● **Exercise instructions**
Below is a listing; return it in full, exactly as it appears.

● **Data section**
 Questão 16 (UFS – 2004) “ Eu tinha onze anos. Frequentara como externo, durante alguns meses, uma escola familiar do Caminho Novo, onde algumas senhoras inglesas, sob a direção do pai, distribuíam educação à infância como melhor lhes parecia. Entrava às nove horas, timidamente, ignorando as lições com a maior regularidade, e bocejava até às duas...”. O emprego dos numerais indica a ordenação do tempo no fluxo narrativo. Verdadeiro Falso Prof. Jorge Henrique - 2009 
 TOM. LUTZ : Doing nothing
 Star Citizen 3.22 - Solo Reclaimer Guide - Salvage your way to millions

● **Task solution**
 Questão 16 (UFS – 2004) “ Eu tinha onze anos. Frequentara como externo, durante alguns meses, uma escola familiar do Caminho Novo, onde algumas senhoras inglesas, sob a direção do pai, distribuíam educação à infância como melhor lhes parecia. Entrava às nove horas, timidamente, ignorando as lições com a maior regularidade, e bocejava até às duas...”. O emprego dos numerais indica a ordenação do tempo no fluxo narrativo. Verdadeiro Falso Prof. Jorge Henrique - 2009 
 TOM. LUTZ : Doing nothing
 Star Citizen 3.22 - Solo Reclaimer Guide - Salvage your way to millions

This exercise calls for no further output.